[Input data]
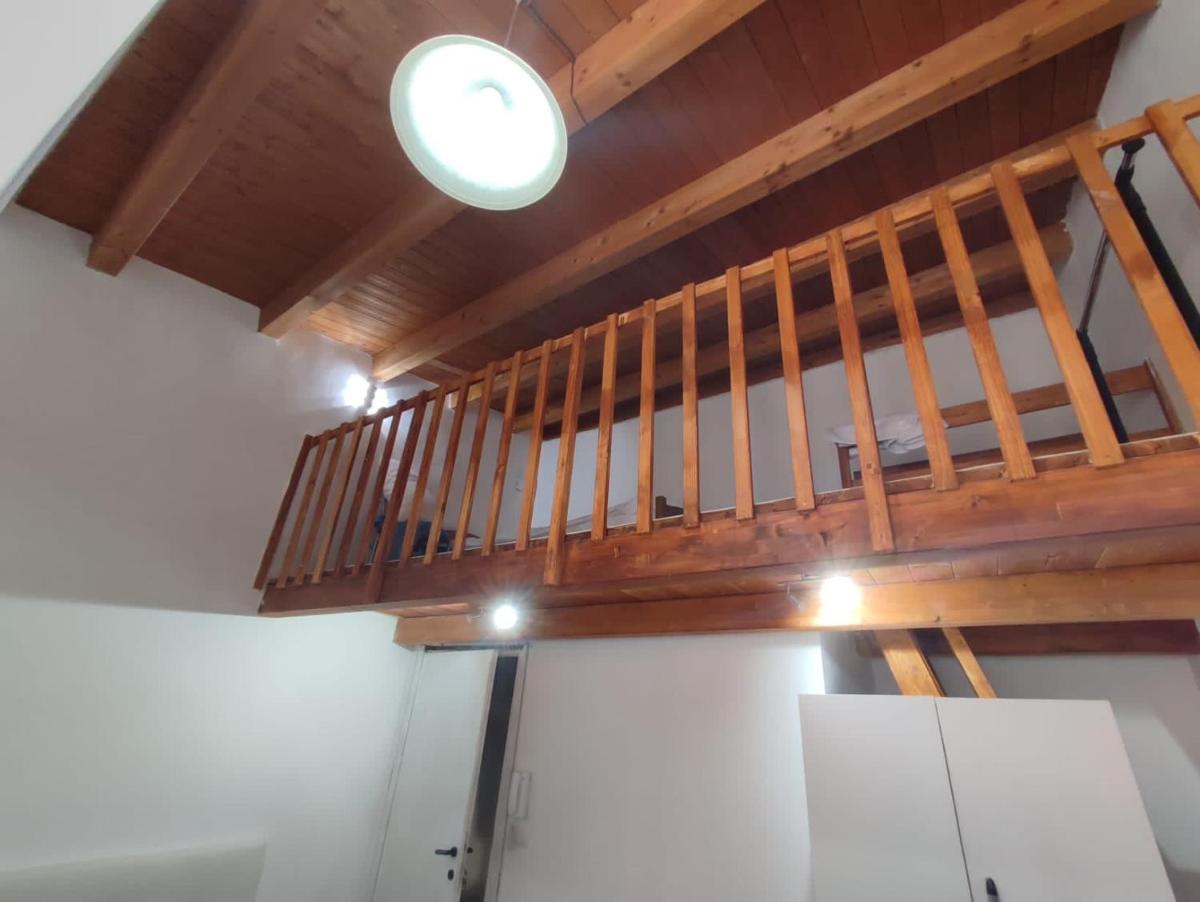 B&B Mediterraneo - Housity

* * *

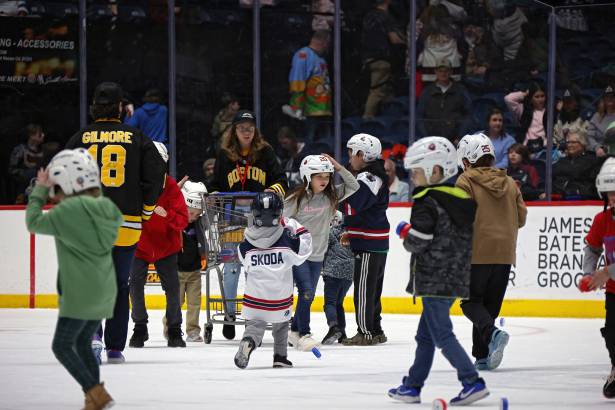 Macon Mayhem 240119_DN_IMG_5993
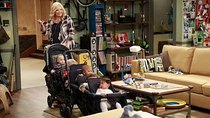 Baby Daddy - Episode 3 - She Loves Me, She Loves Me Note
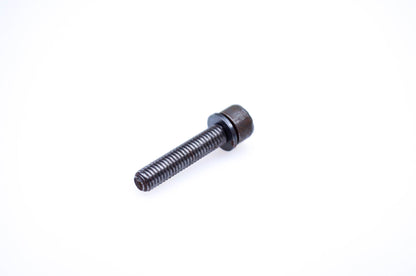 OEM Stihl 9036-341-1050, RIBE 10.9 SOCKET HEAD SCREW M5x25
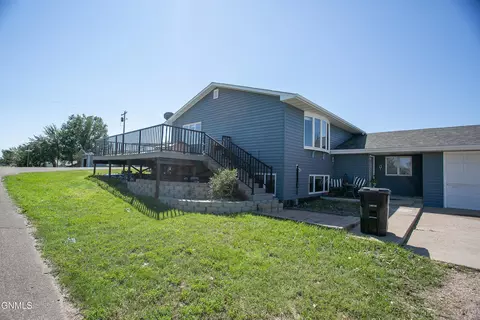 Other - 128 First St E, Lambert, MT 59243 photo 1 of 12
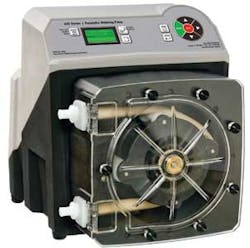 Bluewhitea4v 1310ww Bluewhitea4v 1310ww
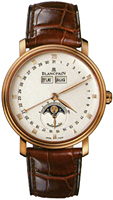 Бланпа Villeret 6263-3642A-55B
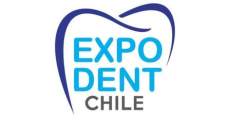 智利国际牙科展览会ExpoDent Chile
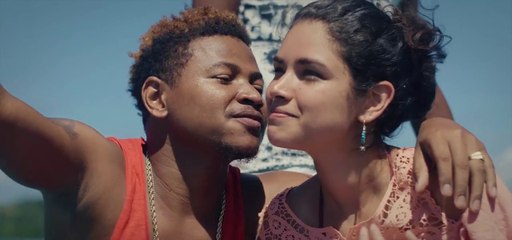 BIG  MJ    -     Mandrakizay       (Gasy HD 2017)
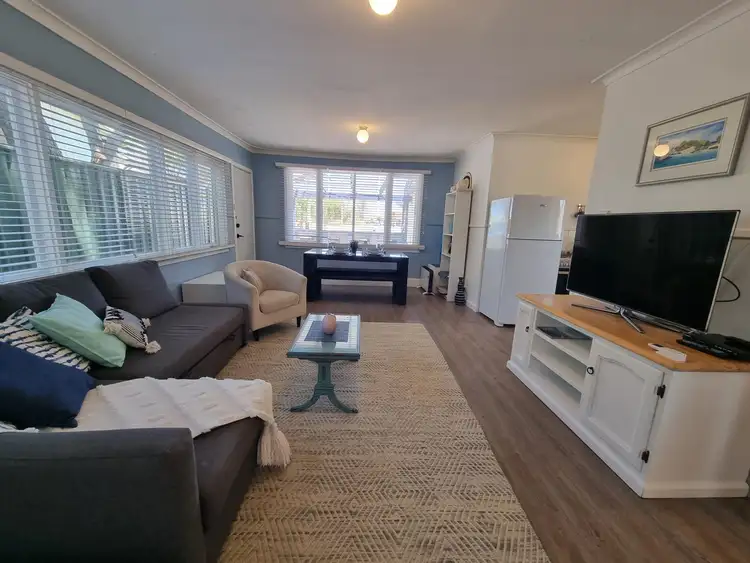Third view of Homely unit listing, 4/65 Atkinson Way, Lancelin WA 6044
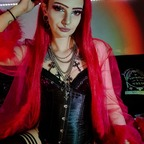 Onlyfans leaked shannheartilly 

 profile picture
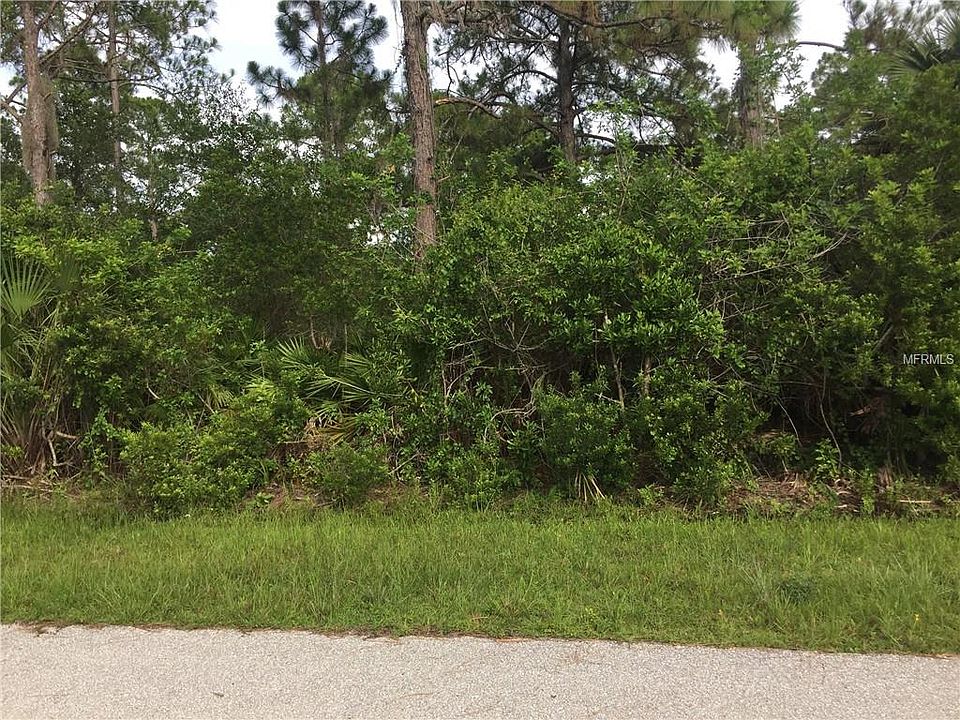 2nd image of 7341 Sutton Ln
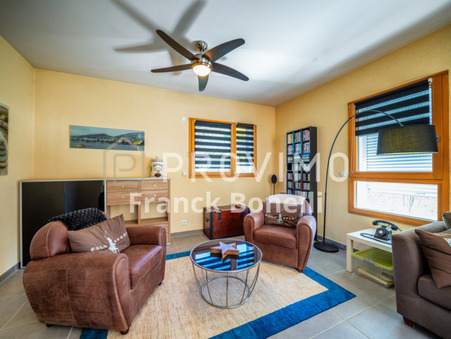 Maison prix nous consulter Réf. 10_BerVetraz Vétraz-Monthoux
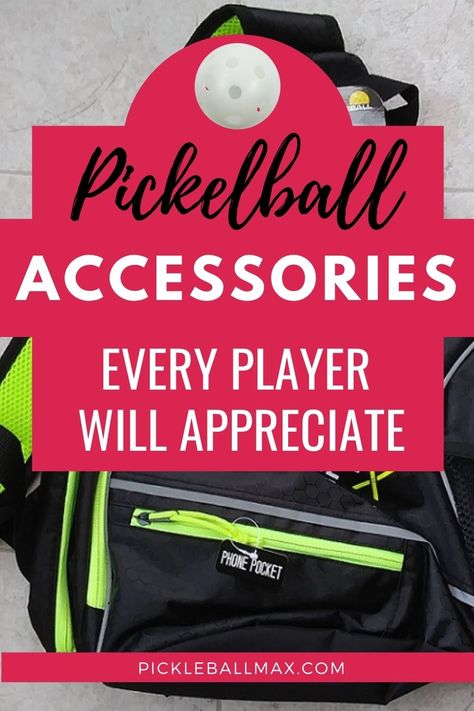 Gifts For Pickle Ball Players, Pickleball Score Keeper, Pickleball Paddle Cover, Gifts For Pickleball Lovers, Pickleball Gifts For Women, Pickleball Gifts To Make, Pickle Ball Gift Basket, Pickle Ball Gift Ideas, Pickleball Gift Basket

---

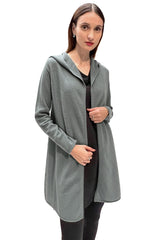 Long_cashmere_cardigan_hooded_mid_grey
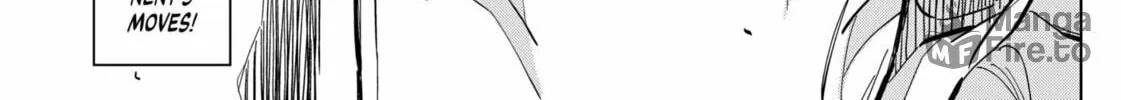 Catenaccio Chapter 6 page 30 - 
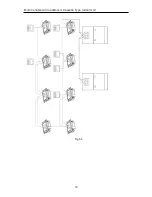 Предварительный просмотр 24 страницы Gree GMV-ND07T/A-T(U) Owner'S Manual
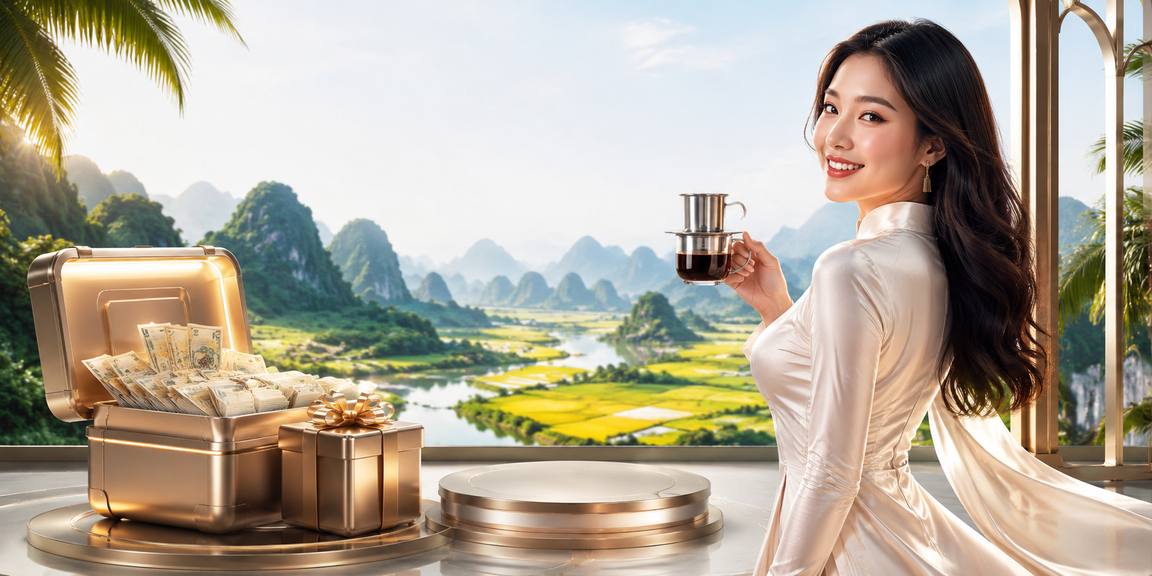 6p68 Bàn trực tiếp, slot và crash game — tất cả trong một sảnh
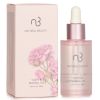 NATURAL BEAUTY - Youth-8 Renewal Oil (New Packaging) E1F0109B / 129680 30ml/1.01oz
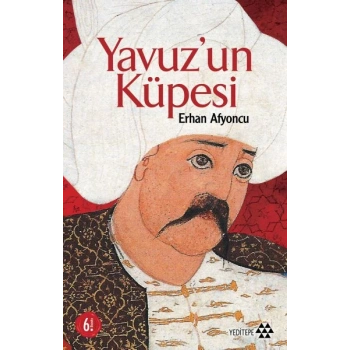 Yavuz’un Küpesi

[Your assignment]
From the material above, give again exactly the lines from the one that contains "Baby Daddy - Episode" through the one that contains "Gifts For Pickle Ball", and leave out the pictures.

[Answer to the problem]
 Baby Daddy - Episode 3 - She Loves Me, She Loves Me Note
 OEM Stihl 9036-341-1050, RIBE 10.9 SOCKET HEAD SCREW M5x25
 Other - 128 First St E, Lambert, MT 59243 photo 1 of 12
 Bluewhitea4v 1310ww Bluewhitea4v 1310ww
 Бланпа Villeret 6263-3642A-55B
 智利国际牙科展览会ExpoDent Chile
 BIG  MJ    -     Mandrakizay       (Gasy HD 2017)
Third view of Homely unit listing, 4/65 Atkinson Way, Lancelin WA 6044
 Onlyfans leaked shannheartilly 

 profile picture
 2nd image of 7341 Sutton Ln
 Maison prix nous consulter Réf. 10_BerVetraz Vétraz-Monthoux
 Gifts For Pickle Ball Players, Pickleball Score Keeper, Pickleball Paddle Cover, Gifts For Pickleball Lovers, Pickleball Gifts For Women, Pickleball Gifts To Make, Pickle Ball Gift Basket, Pickle Ball Gift Ideas, Pickleball Gift Basket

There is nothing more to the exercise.